[Gruterus, Jacob (2)]
GRUTERUS (Jacob) (2), geb. te Middelburg omstr. 1587, zoon van Jacob Gr. (1) en Tanneken Verhasselt, is wellicht identiek met zijn naamgenoot, die 18 Sept. 1606 als stud. litt. is ingeschreven te Leiden, waar hij betrokken werd in den moord op Hornhovius, met anderen in Febr. 1608 werd gearresteerd, veroordeeld werd tot verbanning, maar in Mrt. 1608 door den prins is begenadigd (Molhuysen, Bronnen gesch. Leidsche univ. I ('s Grav. 1913) reg.) en zijn naamgenoot, die als Selandus Belga 9 Mei 1609 te Heidelberg en voorts 20 Apr. 1613 te Marburg is ingeschreven. Als jonggezel van Middelburg, zonder ouders en voogden, ondertrouwde hij te Middelburg als Mr. Jacobus Gr. 2 Mei 1626 (getr. 17 Mei) met Anna de Floriano, waaruit aldaar gedoopt zijn Maximiliaan 12 Mei 1627; Jacobus 6 Juni 1629; Christiaen 30 Dec. 1630; Anna 5 Sept. 1632; Cornelia 21 Mei 1634; Thomas 2 Dec. 1636 en Jacobus 12 Jan. 1642. Als advocaat te Middelburg en oom van de kinderen, werd hij aldaar 29 Apr. 1650 met den vader voogd over de kinderen van Johannes Gruterus (zie boven).

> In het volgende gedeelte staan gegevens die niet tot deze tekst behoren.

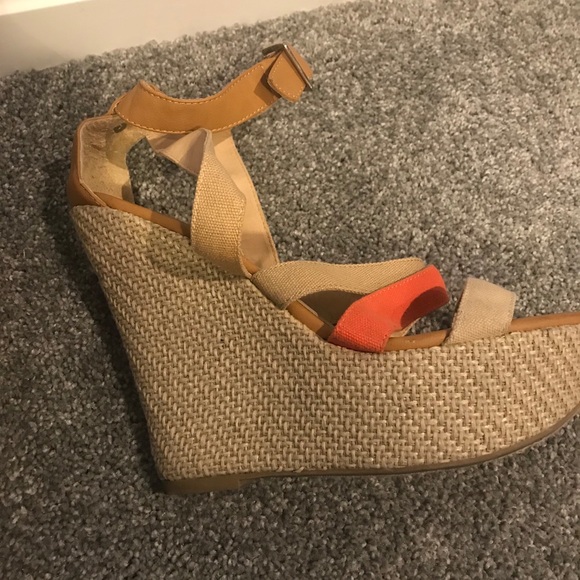 High heel strapped Muti color - Picture 3 of 5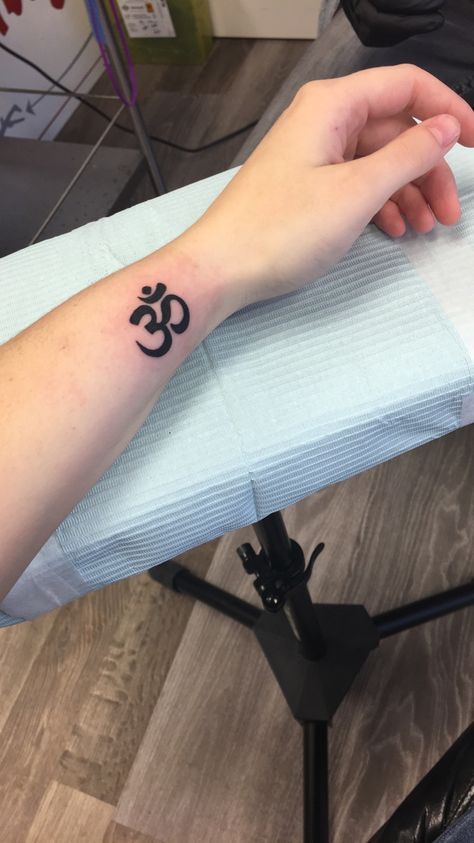 Om Simple Tattoo, Bhudha Tattoo Designs Small, Bhuddist Tattoo, Ohm Tattoo Women, Om Tattoo Design Men, Aum Symbol Tattoo, Aum Tatoos, Ohm Tattoo Design, Bhuddist Tattoos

Een neef van hem was dus Jacobus Gr. (3), ged. te Middelburg 28 Mei 1615 als zoon van Petrus Gr. en Elisabeth van de Vivere. Deze studeerde blijkens een brief van zijn broeder Isaac aan hem uit Amsterdam dd. 23 Aug. 1628 (Petri Gr. Epp. cent. sec. (Amst. 1629)) in de rechten, maar liet zich tegelijk met dezen en Remigius Gr. in 1643 als student inschrijven te Utrecht, waar hij onder weinig ruime omstandigheden (Briefwisseling Const. Huygens ed. Worp, III ('s Grav. 1914) reg.) studeerde in de medicijnen, waarin hij den titel van med. cand. verwierf. Eerst onder Abraham Beeckman conrector aan de latijnsche school te Goes (Nehalennia, jaarboekje enz. I (1849) 93), werd hij 6 Jan. 1648 aan die te Middelburg onder Wilmerdonck aangesteld als praeceptor in de 4e klasse, Nov. 1649 in de derde, terwijl in 1651 zijn traktement nog is verhoogd (Voegler, Gesch. van het middelb. gymn. II (ald. 1894) 101, 102 en Kesteloo, de Stadsrek. van Middelb. VI (ald. 1900) 58, VII (1901) 50). Brieven gewisseld tusschen hem en zijn broeder Isaac zijn te vinden in zijns vaders Epp. cent. sec. (Amst. 1629), terwijl van Isaac aan hem dd. 19 Sept. 1645 zijn gedrukt vóór Huygens' Korenbloemen (ed. 1655) en een andere berust te Oxford, Bodl. libr. Gr. was een groot bewonderaar van Baco, van wien hij een nagelaten handschrift, destijds in het bezit van den engelschen resident in den Haag, William Boswell, door toedoen van zijn broeder Isaac (zie kol. 506) uit het engelsch in het latijn vertaalde en uitgaf met opdracht aan Pieter van Reigersberg en voorafgegaan door een brief van zijn broeder aan hem als Sylva Sylvarum sive Historia
naturalis et novus Atlas (Amst. 1648), waarvan zijn broeder na Jacob's overlijden (hij is begraven te Middelburg 24 Jan. 1652) eene verbeterde uitgaaf (Amst. 1661) bewerkte, later ook opgenomen in Fr. Baconis Opera omnia IV (Amst. 1685 en 1730).
Zie: Bayle, Dictionn. hist. et crit. II (5e ed. 1740, 620); de la Rue, Geletterd Zeeland (Midd. 1741) 296; Paquot, Mémoires III (Louvain 1770) 344; Willems, Les Elzevier (Brux. 1880) 268.